Zhang and Ren et al. developed a heterodimeric antibody combining an anti-CTLA-4 antibody with SIRPα, the ligand of CD47 (the ‘don’t eat me’ signal) to further enhance phagocytosis. This heterodimer specifically depletes Tregs in the tumor microenvironment, in particular, the highly suppressive ICOShigh Tregs. Treatment of established murine MC38 and CT26 colon tumors resulted in tumor growth inhibition and increases in antigen-specific T cells and cytokines related to T cell activation; tumors were rejected upon rechallenge. A humanized version of the heterodimer had similar depleting effects on Tregs and a good safety profile in a humanized mouse model.

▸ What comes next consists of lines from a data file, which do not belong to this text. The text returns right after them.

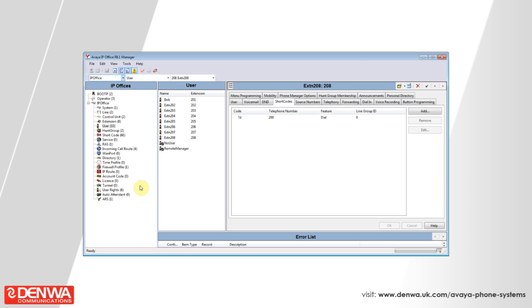I hope you've enjoyed this tutorial on hotline phones on the Aveo IP Office system. If you have any further questions, please feel free to contact us for a free demo.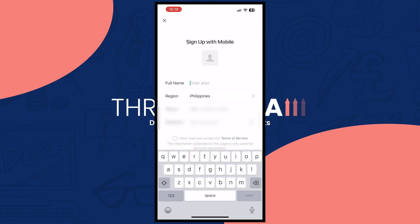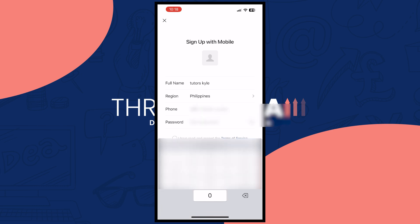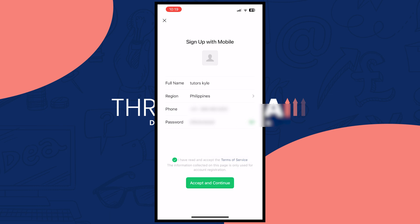From here you can enter your full name — in my case I'll go with Kyle — and you have your region, your country, and then your phone number. I'm gonna type out my phone number and then set a password. Once you are done typing out your password and phone number, move on to the next step.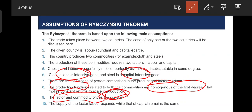This means that every factor in the case of Rybczynski theorem is in constant supply.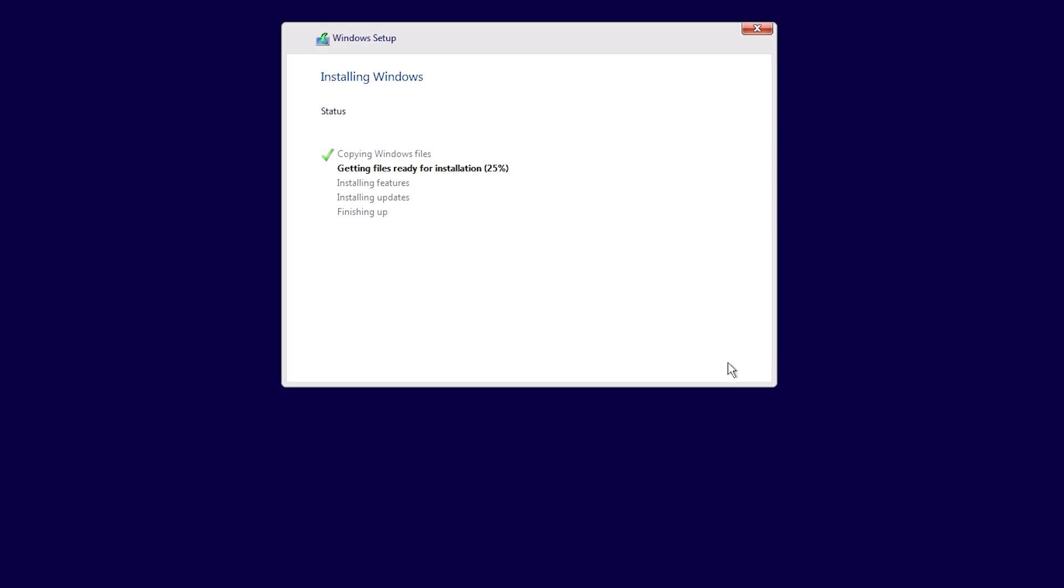You have now successfully reinstalled Windows 10. Let's continue on to the final steps to complete the process.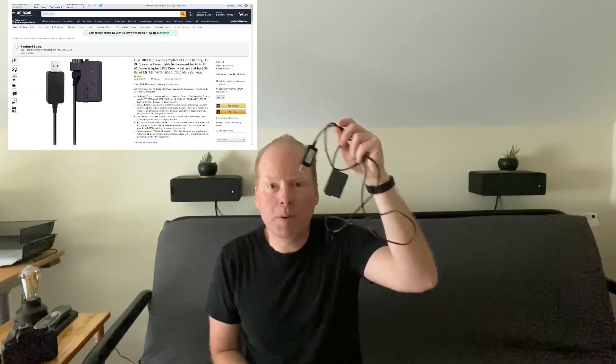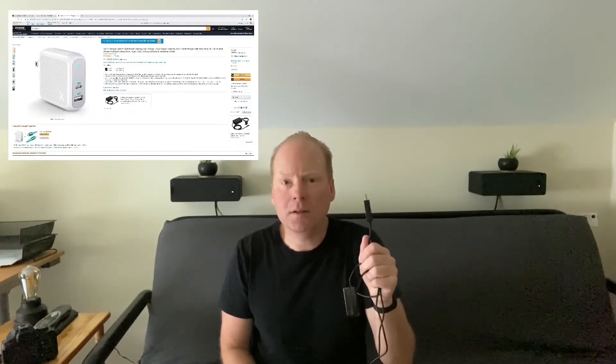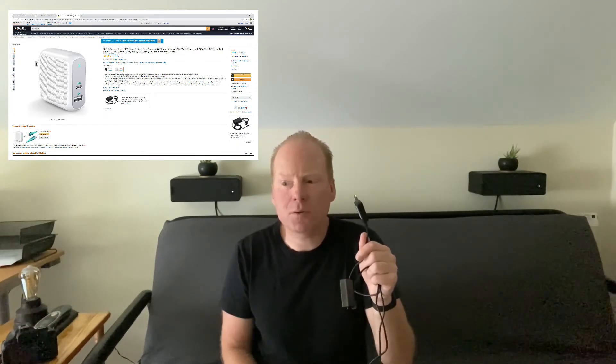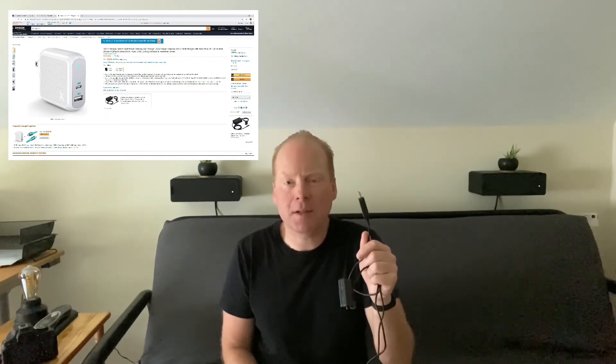Another thing you're going to want is this USB power cable that will power the T3i and other Canon cameras. It just inserts into the battery door and you plug it into a USB power source — not a computer. I have a high quality 45-watt USB power source; I'll put a link to that below. I'll also put a link to this adapter you can buy cheaply on Amazon, and it will keep your camera powered up 24-7.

Contributed by Maartje Wouters
ABSTRACT: Blockade of CD47, the "do not eat me" signal, has limited effects in solid tumors despite its potent antitumor effects in hematopoietic malignancies. Taking advantage of the high expression of cytotoxic T lymphocyte-associated protein 4 (CTLA-4) on Treg cells and abundant Fc receptor-expressing active phagocytes inside the tumor microenvironment (TME), we designed and tested a heterodimer combining an anti-CTLA-4 antibody, which targets Treg cells, with the CD47 ligand, signal regulatory protein α (SIRPα), to selectively block CD47 on intratumoral Treg cells. We hypothesized that heterodimer treatment would increase antibody-dependent cellular phagocytosis of the targeted Treg cells. We found that anti-CTLA-4×SIRPα preferentially depleted ICOShigh immunosuppressive Treg cells in the TME and enhanced immunity against solid tumors, including MC38 and CT26 murine colon cancers. Mechanistically, we found that CD47 expression on Treg cells limited anti-CTLA-4-mediated depletion and Fc on the heterodimer-enhanced depletion. Furthermore, anti-human CTLA-4×SIRPα depleted tumor Treg cells and exhibits less toxicity than anti-human CTLA-4 in a humanized mouse model. Collectively, these results demonstrate that simultaneously modulating both "eat me" and do not eat me signals induces Treg cell depletion inside the TME and may be an effective strategy for treating solid tumors.